Tuesday, March 24, 2009
Wondrous things
One of the wonderful things we can do is to pay attention to how small children develop and grow, to watch them exercise their minds and bodies and push at the limits of what is possible for them. People describe the brains of young children as "plastic", and I don't really like the word because of all the meanings it carries in our time, but if you think of it as "plasticity", the ability to flex and stretch, or, to go back to the Greek root, to be moulded or formed, it makes sense as a descriptor of a body and mind that is growing and developing. The wonderful thing, I think, is being allowed to notice that plasticity in babies and young children, because one of their serious driving impulses is to spend their waking hours flexing and stretching and changing what was impossible to what is both possible and miraculous.
One of my sons talked to me yesterday about watching his eight month old daughter in a hands and knees crawling position, ready to go, or almost ready, but stuck in place, rocking back and forth. It is clear that some time soon she will make a move with one of her hands that will allow her to shift forward, maybe because she is trying to reach something, and perhaps a knee will then slide ahead, and, after some experimentation on her part, crawling will happen, and she won’t look back. In fact, she’ll just crawl over to the couch or chair so that she can pull herself up to a standing position and explore the next step. Seeing this process in action is to watch the wonder of growth and development happening.
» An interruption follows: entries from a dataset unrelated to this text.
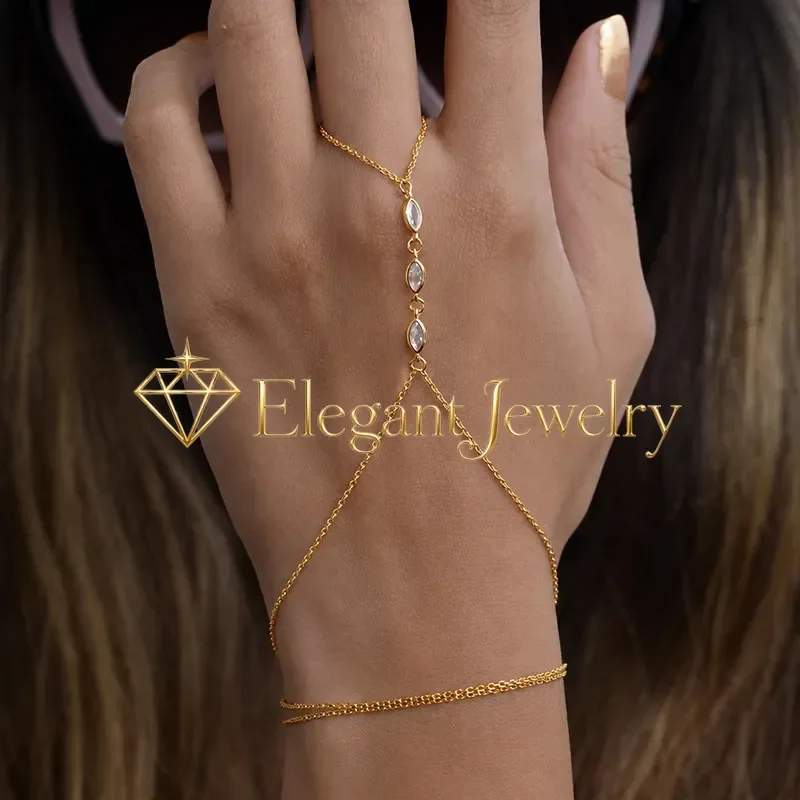 Luxury Silver Plated Single Row Horse Eye Rhinestone Finger Bracelet with Multi Level Diamond Encrusted Back Chain Simple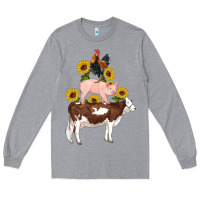 Heather Grey western farm life cow pig rooster with sunflowers Long Sleeve Tee - Artiststas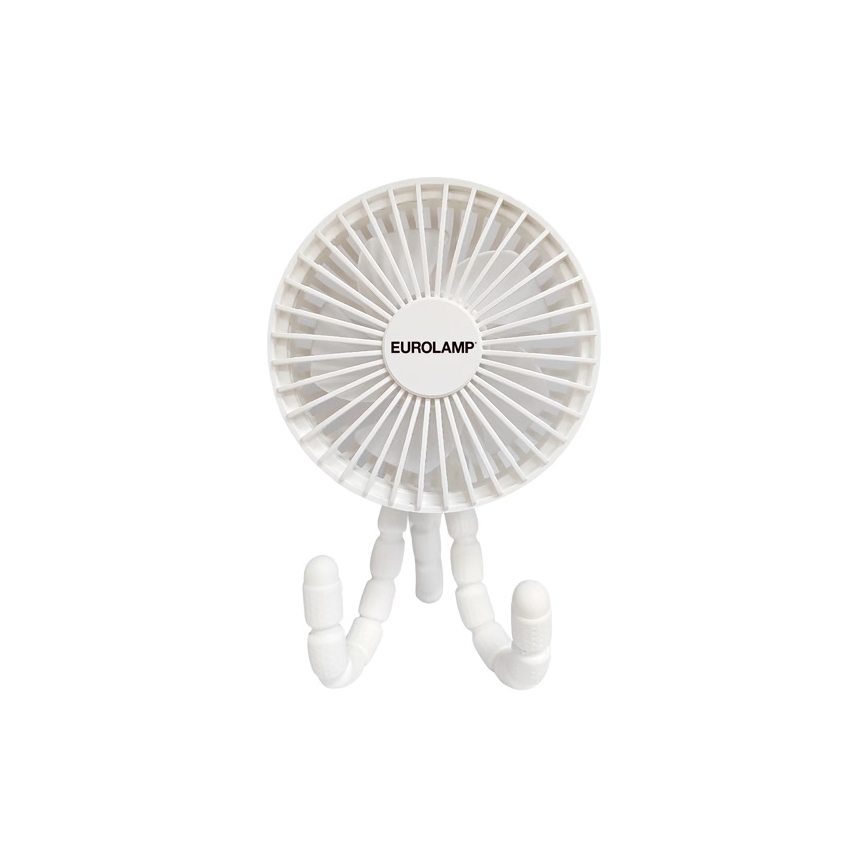 Ventilador de sobremesa recargable 3W/5V 1800 mAh blanco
Of course there is no real news here, because anyone who is around small children and pays attention knows this already. But what prompted me to write this post was the sheet of white paper that I saw after my other son and daughter-in-law took their girls home on Sunday. Our older granddaughter, A., who turned four last month, had told Lorraine, whom she knows as Nan, that she wanted to make a word with R's in it. Lorraine explained to her that her name had two R's and printed it for her, with a capital L and the rest small letters. A. looked at it and told her Nan she was going to print it in "upper case". Lorraine told her that was fine, and A. engaged with the task. Unfortunately her first R looked too much like an A (she’s been printing her own name for a while) so she started again, was happier with the result, and finished it, twice. When I saw the paper on the side table, Lorraine told me what A. had done, including her first attempt at the middle of the page, and I thought how wonderful. Not only did she convert the lower case letters to upper on her own, she persisted in extending the range of what she could do by practicing making R’s that didn’t look too much like A’s. It is always a great delight for me to notice how unstoppable children are in their learning.
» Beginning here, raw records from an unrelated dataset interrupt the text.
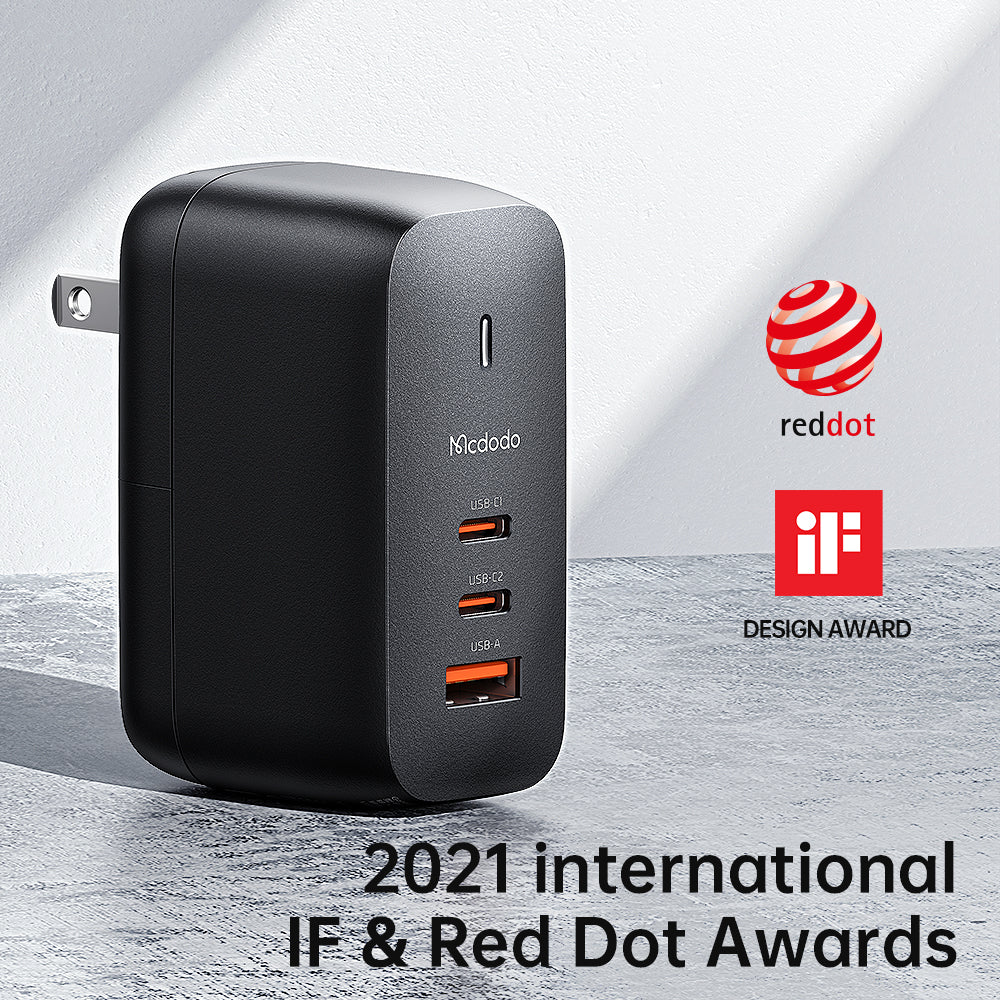 Mcdodo CH-8442 65W 2C+1A GAN 5 Mini Fast Charger (UK/US/EU)+60W Type-C to Type-C cable 2m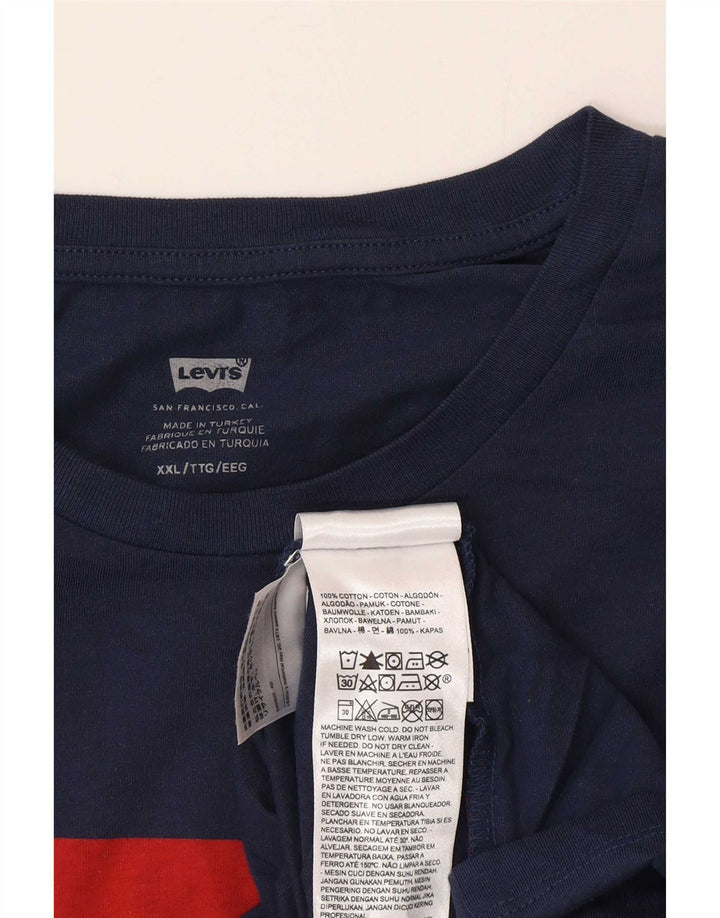 Camiseta gráfica masculina Levi's Top 2XL algodão azul marinho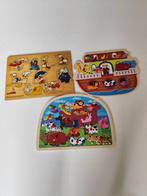 3 houten puzzels, Kinderen en Baby's, Speelgoed | Kinderpuzzels, Ophalen of Verzenden, Minder dan 10 stukjes, Zo goed als nieuw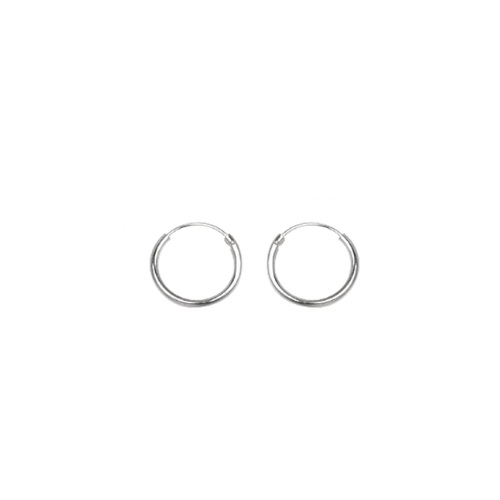Silver creool, 10mm, wire 1.3mm, shiny; per 5 pair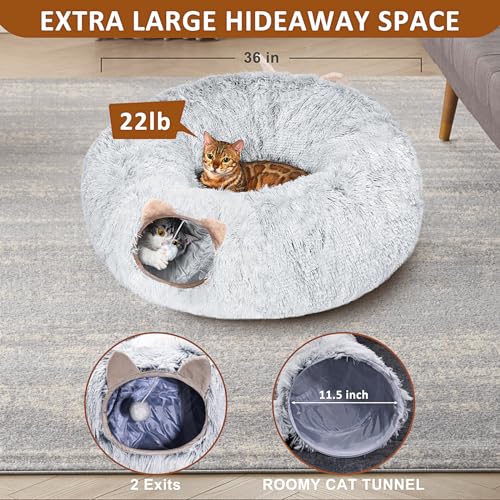 Cat Tunnel with Cat Bed for Indoor Cats, Under Christmas Tree Soft Plush Peekaboo Cat Cave Donut Tunnel, Multifunctional Playground Toys Hideplace for Kittens, Rabbit, Ferret (Grey) - color: GREY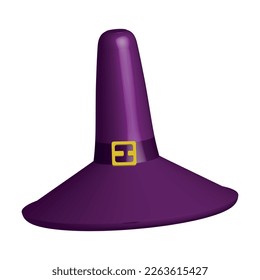3d illustration of a witch or wizard hat. Vector illustration with white background.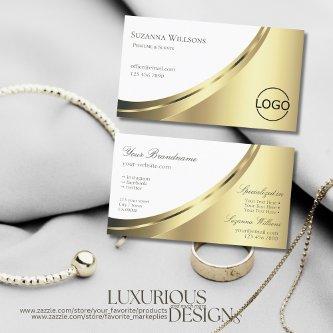 Elegant White and Gold Decor with Logo Luxurious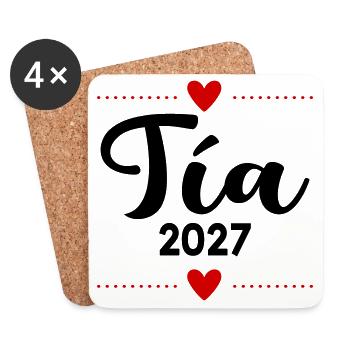 Spanische Tante 2027 - Untersetzer (4er-Set) - Weiß - Vorne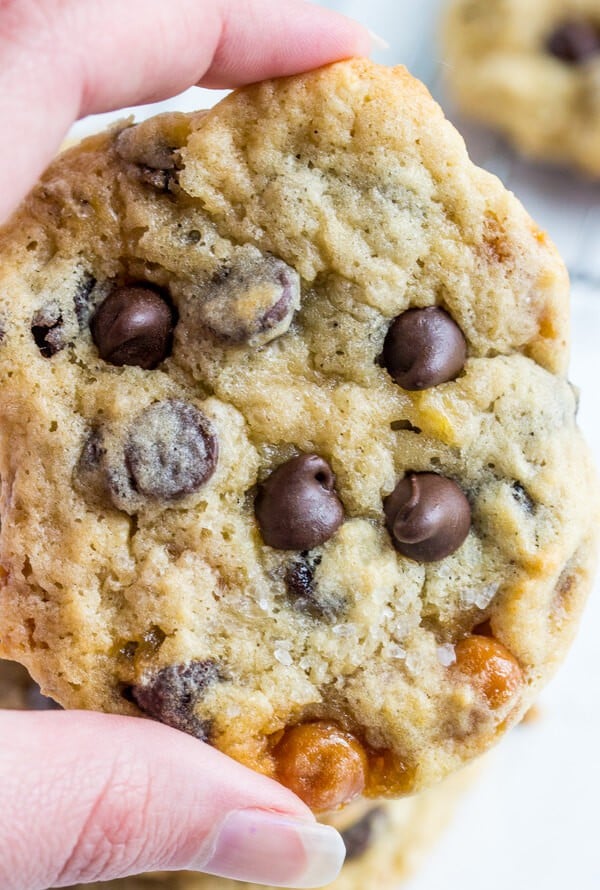 Salted Caramel Banana Chocolate Chip Cookies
It may not be a huge thing really, but it is one of the reasons I love to spend time around small children. It affords me the opportunity to have those privileged insights into how they are growing and developing and taking charge of their world by making sense of it. So I'm a very lucky guy to have our granddaughters to hang out with, as well as our pair of three year old friends in Istanbul, and to watch with wonder as they stretch and grow into their own unique and idiosyncratic manifestations of humanness.